WORK ITEM
A single stretch of the material below is to be transcribed exactly, starting at the line with "Mototec Villain 52cc" and ending after the line with "Mini Shoulder Bag - White".

EXTRACTED DATA
□ □ □ □ □ □ □

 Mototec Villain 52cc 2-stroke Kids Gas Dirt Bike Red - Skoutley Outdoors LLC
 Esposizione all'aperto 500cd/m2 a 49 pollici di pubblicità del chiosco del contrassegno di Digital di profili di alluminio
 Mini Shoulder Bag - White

□ □ □ □ □ □ □

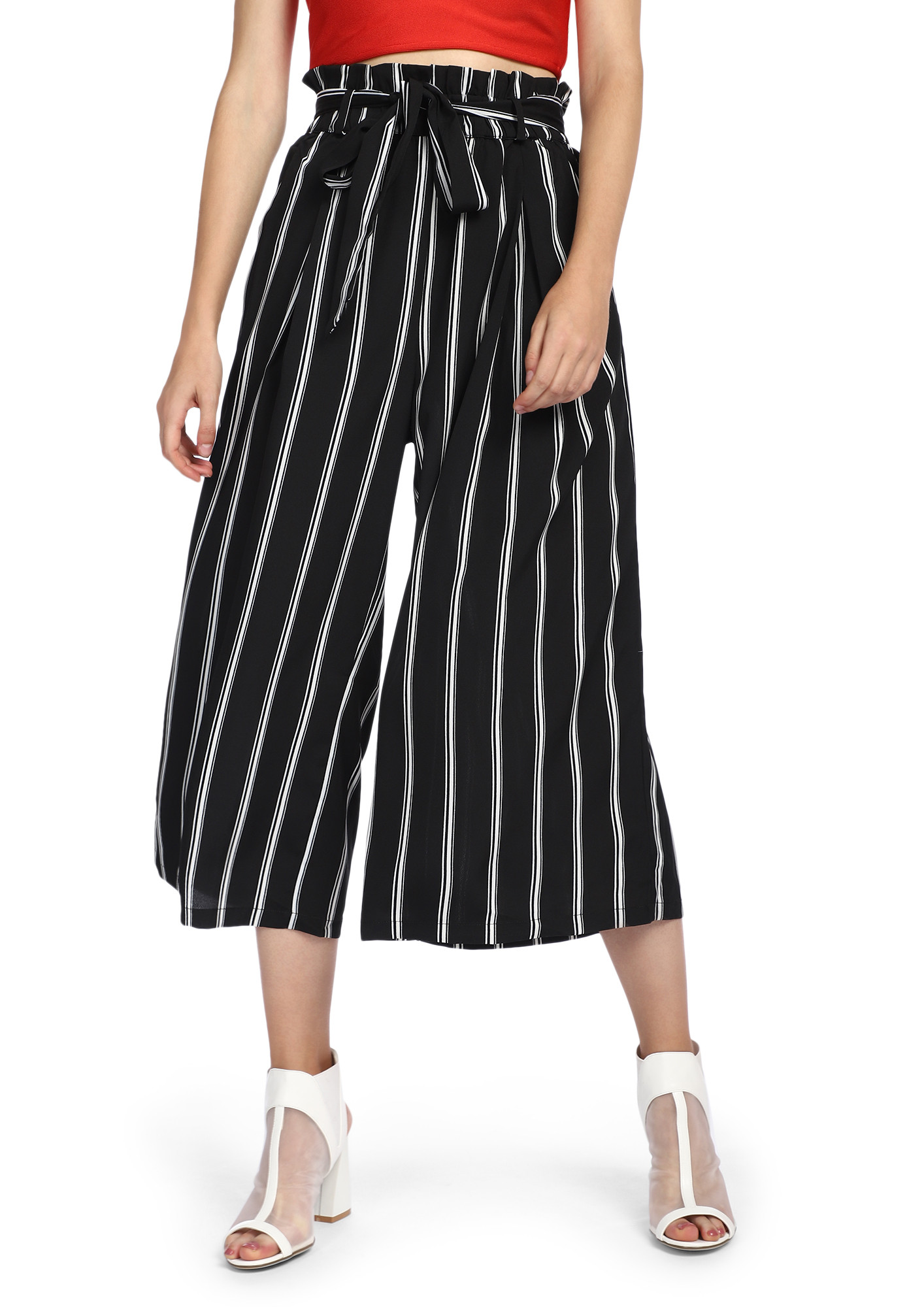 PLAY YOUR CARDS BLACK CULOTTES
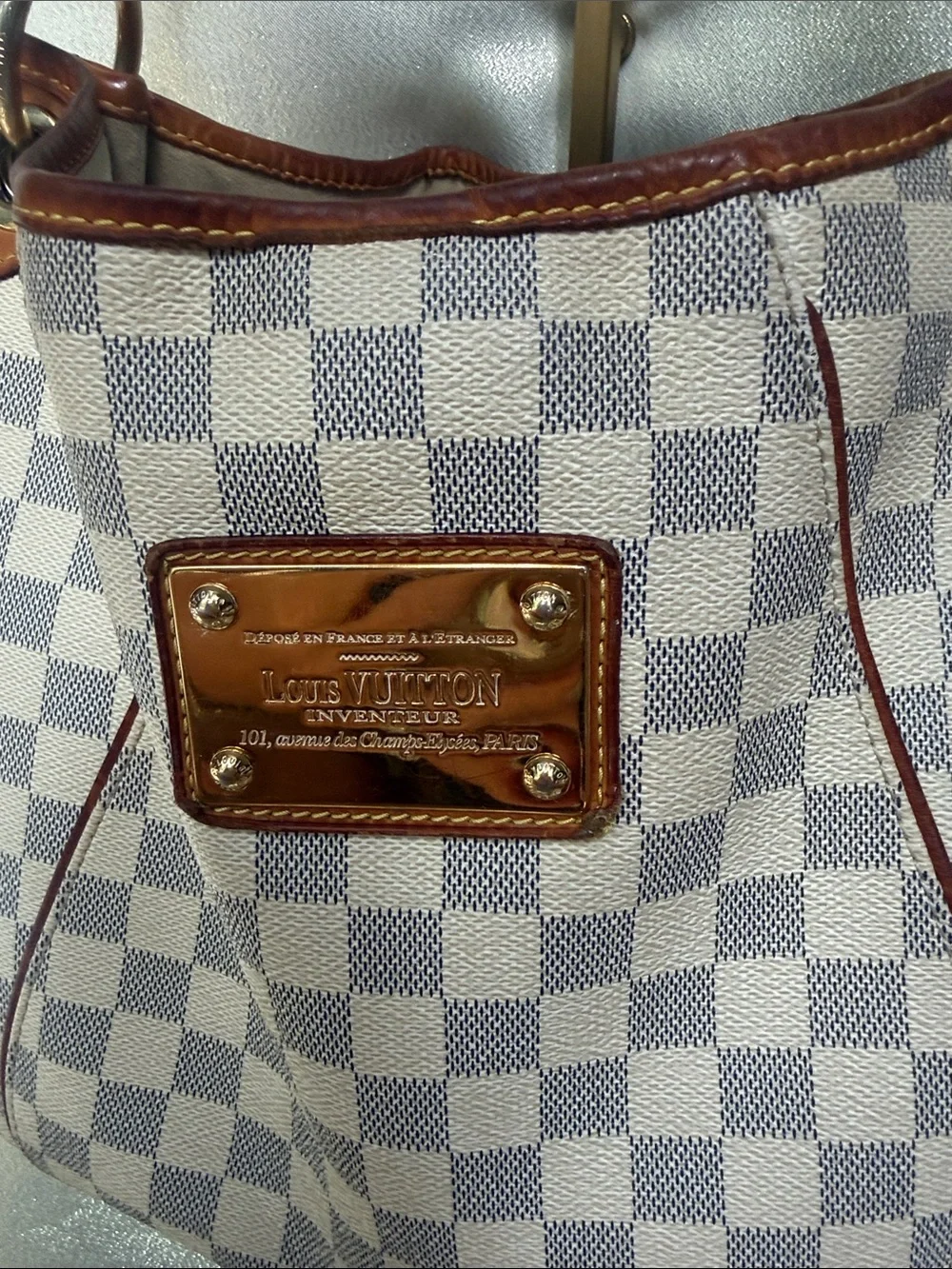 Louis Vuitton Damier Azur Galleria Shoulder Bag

□ □ □ □ □ □ □

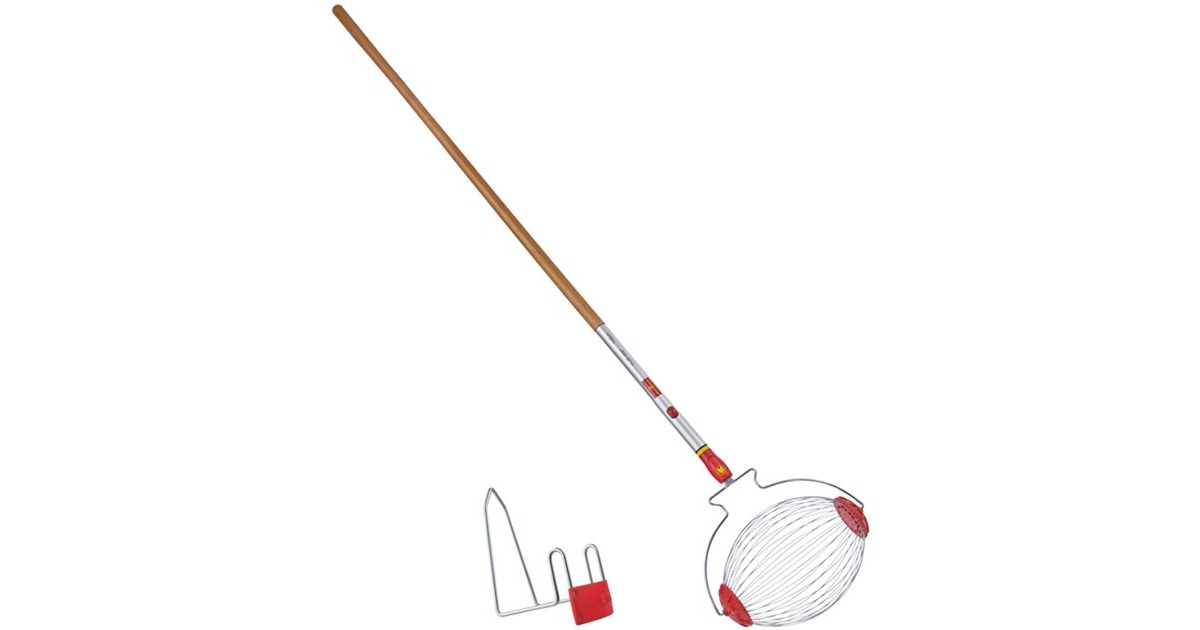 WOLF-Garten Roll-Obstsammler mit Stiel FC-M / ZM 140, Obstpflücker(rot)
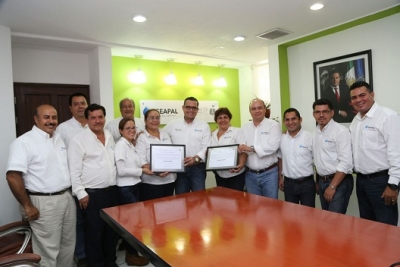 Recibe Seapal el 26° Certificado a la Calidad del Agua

□ □ □ □ □ □ □

ANSWER TO THIS PROBLEM
 Mototec Villain 52cc 2-stroke Kids Gas Dirt Bike Red - Skoutley Outdoors LLC
 Esposizione all'aperto 500cd/m2 a 49 pollici di pubblicità del chiosco del contrassegno di Digital di profili di alluminio
 Mini Shoulder Bag - White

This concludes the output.